Pennsylvania passes biofuels-friendly budget

By Kris Bevill | June 17, 2008
Web exclusive posted July 9, 2008 at 12:34 p.m. CST

Pennsylvania Gov. Edward Rendell signed the state's 2008-'09 budget into law on July 4, ushering in new incentives for biodiesel and cellulosic ethanol producers.

The Biofuel Development and In-State Production Incentive Act includes a mandate that gradually increases the amount of biodiesel to be blended into all diesel sold in Pennsylvania, beginning with a B2 requirement that goes into effect one year after the in-state production volume tops 40 MMgy. The requirement increases to 20 percent biodiesel one year after 400 MMgy is produced in-state.

Mike Noble, director of operations at Lake Erie Biofuels, said he holds a neutral position on the mandate. Producing at its 45 MMgy capacity, the plant is by far Pennsylvania's largest biodiesel producer, according to Noble. Therefore, Lake Erie Biofuels alone produces enough biodiesel in a year to trigger the B2 mandate. However, it's not that easy.

John Nikoloff is partner and president of Pennsylvania Energy Resources Group, a Harrisburg, Pa.-based consulting firm that works with Lake Erie Biofuels and other various companies in the alternative and renewable energy industries. He said as the legislation is worded, it's impossible for a mandate to go into effect until late 2009. The delay is a necessary evil however, and will give the industry and government time to set up the infrastructure needed in order to support a greater demand for biodiesel. "There's a long way to go before we have the infrastructure to carry out any mandate here," Nikoloff said. In the upcoming year, Pennsylvania Energy Resources Group will work with biodiesel companies to ensure that an adequate infrastructure is in place so that the mandates can succeed.

Nikoloff will also be working to build an infrastructure on the feedstock end of the production chain, something he said was overlooked by state legislators. "Right now [Pennsylvania] really only [has] 3 crushing facilities that are doing soybeans and they're combined capacity is only 5 million gallons," Nikoloff said.

Also included in the state budget was an extension of the Alternative Fuels Incentive Grant Program which provides a 75 cent per gallon subsidy for biodiesel produced and sold in Pennsylvania. The total amount to be paid out in the next three years is $5.3 million but a producer is not allowed to receive more than $1.9 million each year. "Since we produce 45 MMgy it doesn't really affect us on the level it will for smaller producers. It equates to about 5 cents/gallon for us," Noble said.
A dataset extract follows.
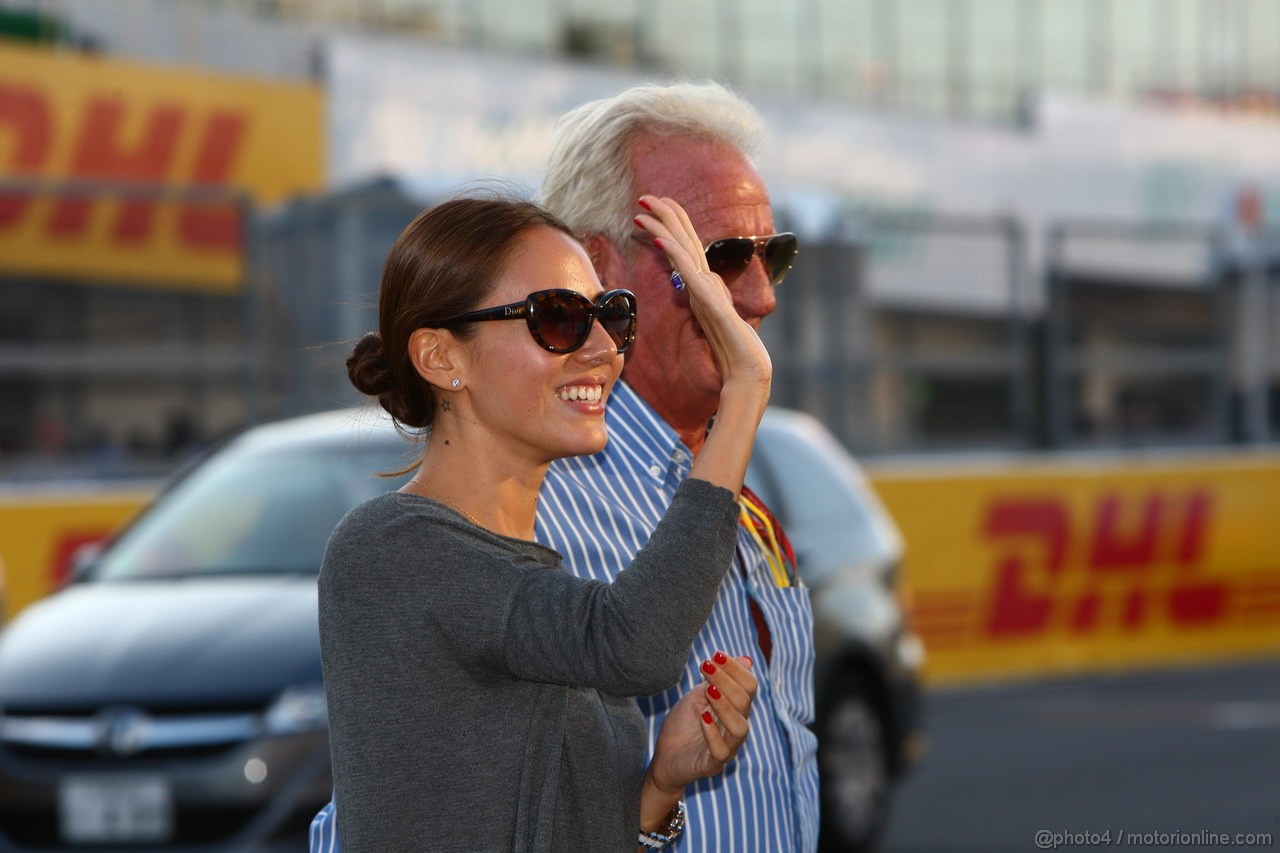 GP GIAPPONE, 06.10.2011- Jessica Michibata (GBR), girfriend of Jenson Button (GBR) e John Button (GBR), father of Jenson Button (GBR)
It's not much, but everything helps, he added.

Nikoloff doesn't see any way that a company could actually receive 75 cents per gallon unless they're only producing 500,000 gallons per year because "there just isn't enough money in the fund for it." He added that of the 10 biodiesel plants in Pennsylvania, he only knows of two or three that are currently operating. "Realistically, if every plant in the state produces to their plant capacity, which they talk about, nobody would ever get more than about 30 to 35 cents [as part of the new subsidy program]," he said. According to Nikoloff, the subsidy was viewed by the legislature as a way to help some of the off-line plants to reopen, but assistance is limited to the amount of money allowed in the budget.

Lake Erie Biofuels currently uses vegetable oil, waste grease and animal fats in its production process, Noble said. The plant continues to send most of its product overseas to the European market.

Another aspect of the recently passed bill requires all gasoline sold in Pennsylvania to consist of 10 percent cellulosic ethanol one year after in-state production has reached 350 MMgy. Corn ethanol requirements were left out of the legislation.